В самый драматический момент чтение было, к досаде сторожа, прервано истошным кошачьим любовным криком, донесшимся из-за сторожки, с детдомовского огорода.

— Кыш, окаянный! — высунувшись в окошко, зашикал Никита Степанович. — Хорош ребятишек будить!

Совсем взбесился, котяра, март прошел давно, а ,ему все неймется! Кыш! Пшел, пшел отсюда, скотина блудливая!

Вопли, однако же, не смолкали, и, прислушавшись внимательней, Никита очень даже усомнился, вправду ли это голосит влюбленный кот.

На визг поросенка, которого режут, тоже было очень похоже. А ведь директор «инкубатора» как раз недавно приобрел четырех молочных поросят на откорм...

Кряхтя и ворча, сторож заложил недочитанную страничку наполовину выкуренной и бережливо затушенной беломориной. Верный своему долгу, Никита Степанович отправился проверить, не злоумышленник ли прокрался на вверенную ему территорию и не покушается ли недобрый человек на жирненькое розовое население свинарника.

Огородные грядки совсем развезло от ливня.

— Придется подправлять по новой, когда погода установится, — пробурчал сторож себе под нос.

Как, однако же, сердце радуется при виде сильных огуречных плетей да хорошо принявшихся помидорчиков! Быть, быть детишкам с урожаем!

А вот капуста пошла слабовато. Забелеют ли тут по осени важные толстопузые кочаны?

— Ба! — вскрикнул вдруг сторож. — Что за чудеса в решете! Вроде как вилок в июле вызрел! Ну ребята, ну мичуринцы, ну юные натуралисты! Даром что сиротинушки...

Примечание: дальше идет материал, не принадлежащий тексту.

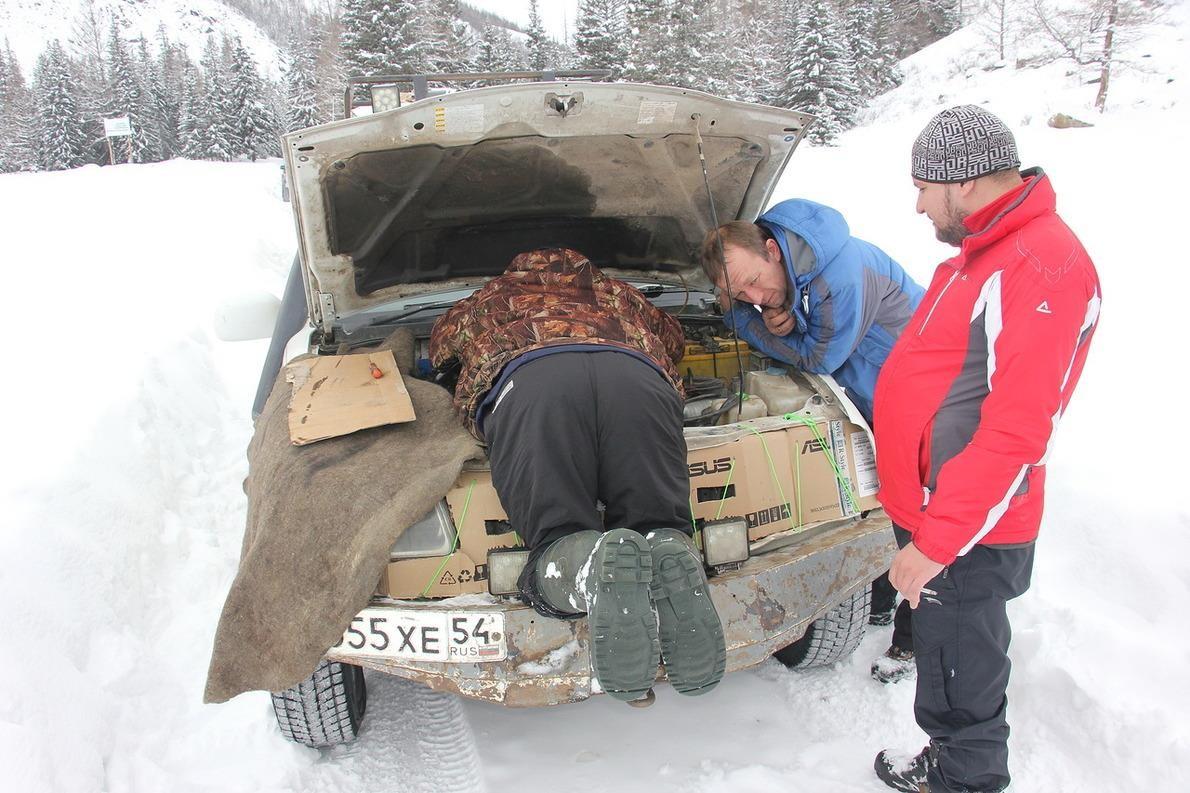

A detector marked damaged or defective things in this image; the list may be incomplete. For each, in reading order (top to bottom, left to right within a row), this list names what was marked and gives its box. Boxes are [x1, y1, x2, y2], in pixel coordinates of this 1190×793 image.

rusty bumper [326, 509, 894, 700]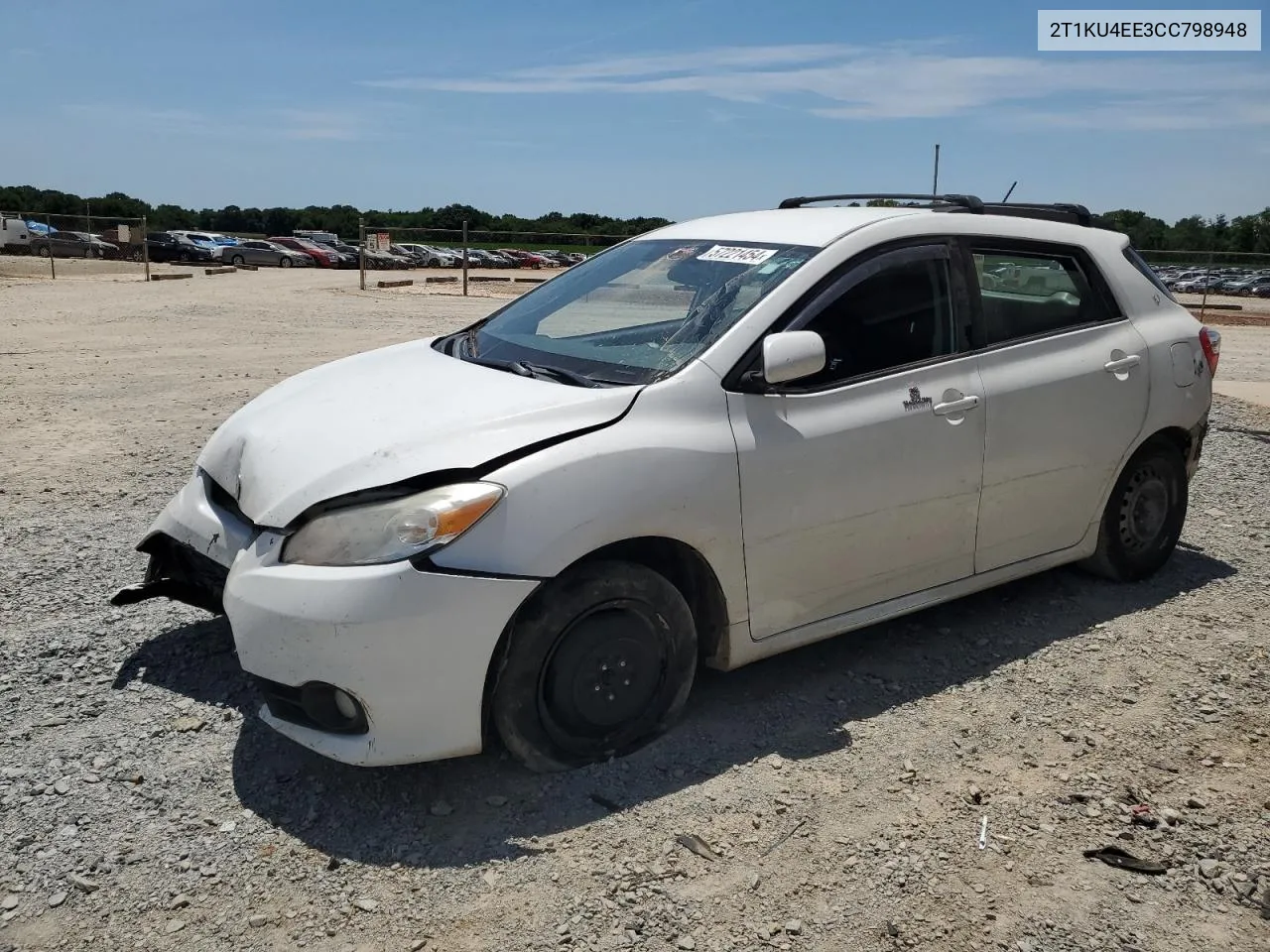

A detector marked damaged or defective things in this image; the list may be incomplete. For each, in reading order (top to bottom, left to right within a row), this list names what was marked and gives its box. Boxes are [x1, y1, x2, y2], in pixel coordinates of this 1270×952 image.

crashed hood [196, 337, 640, 531]
dented bumper cover [110, 474, 541, 767]
damaged front bumper [112, 469, 541, 767]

Несвоевременный кочан был странной продолговатой формы и напоминал скорей кабачок.

Но главное-то диво дивное заключалось в том, что он... кричал! Не кошачьи вопли спугнули Никитин покой и не поросячий визг. Невиданный овощ-гибрид осмелился нарушить утреннюю тишину.

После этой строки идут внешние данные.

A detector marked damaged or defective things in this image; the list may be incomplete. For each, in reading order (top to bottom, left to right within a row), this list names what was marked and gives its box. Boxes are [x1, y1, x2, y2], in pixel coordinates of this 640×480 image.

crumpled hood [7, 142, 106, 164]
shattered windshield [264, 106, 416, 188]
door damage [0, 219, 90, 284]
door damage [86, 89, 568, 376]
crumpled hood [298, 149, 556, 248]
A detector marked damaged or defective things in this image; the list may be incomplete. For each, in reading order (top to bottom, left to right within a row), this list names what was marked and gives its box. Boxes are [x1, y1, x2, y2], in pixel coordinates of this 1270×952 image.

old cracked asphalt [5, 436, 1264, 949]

Никита Степанович склонился над находкой.

— Вот ведь сволочи! Фарисеи! — ругнулся он. — В самую слякоть положили, нет бы хоть на крыльцо, под навес!

От звука его сердитого хриплого голоса овощ вдруг перестал визжать и мирно проворковал:

— Агу!

— Ага! — отозвался добрый старик и, бережно подняв находку, прижал ее к груди, прикрыв ветровкой. — Сейчас согреешься, родимый, потерпи. Крошечка ты моя инкубаторская!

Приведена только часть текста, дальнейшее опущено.